Carlota Smith (May 21, 1934, New York City-May 24, 2007, Austin, Texas) was an American linguist. She was professor of linguistics at the University of Texas at Austin for 38 years.

Smith received her M.A. (1964) and Ph.D. (1967) in linguistics at the University of Pennsylvania, studying under Zellig Harris. In 1969, she joined the faculty of the Department of Linguistics at University of Texas at Austin, where she served for the remainder of her life. She was department chair from 1981-1985. She was named the Dallas TACA Centennial Professor in the Humanities in 1991.

During her long career, she made important contributions to three areas of linguistic research. Her early work examined English syntax and child language acquisition. (Shipley et al. 1969 was an influential paper in this area.) She wrote a number of papers and a widely cited book (Smith 1991) on grammatical aspect. A final research interest involved the analysis of discourse units above the level of the sentence, which she categorizes, in Smith (2003) into five ‘discourse modes’ (narrative, report, description, information, and argument).

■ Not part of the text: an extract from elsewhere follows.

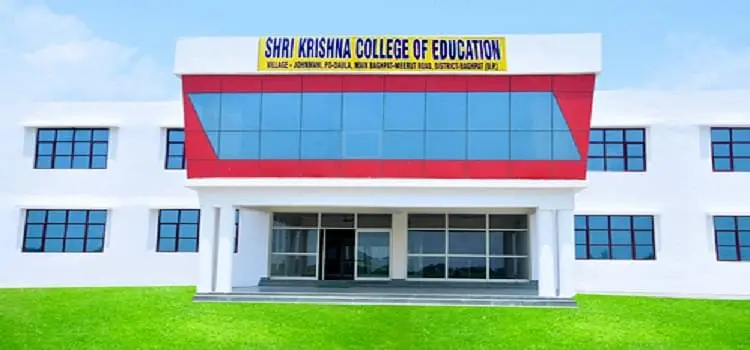 Shri Krishna College of Education, Bhaghpat: Reviews on Placements, Faculty & Facilities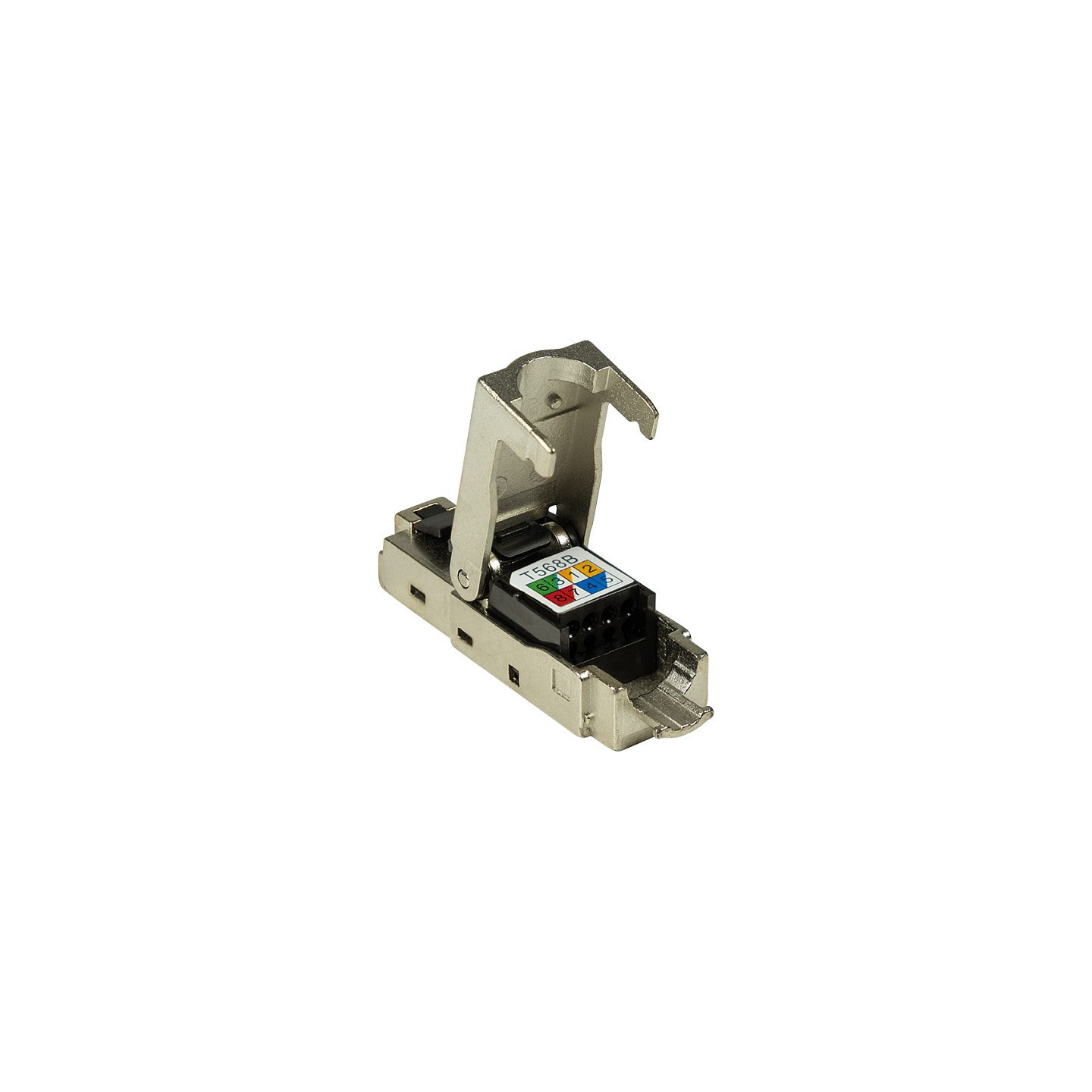 Feldkonfektionierbarer RJ45 Steckverbinder Cat.6A 10GE. geschirmt. EconLine LogiLink — Buy in Cyprus with Fast Delivery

She spent many years doing linguistic research on Navajo and became a member of the Navajo Language Academy.

== Selected publications ==
- Elizabeth F. Shipley, Carlota S. Smith and Lila R. Gleitman. 1969. A Study in the Acquisition of Language: Free Responses to Commands. Language 45: 322-342.
- Carlota S. Smith. 1991. The parameter of aspect. Kluwer.
- Carlota S. Smith. 2003. Modes of discourse: the local structure of texts. Cambridge University Press.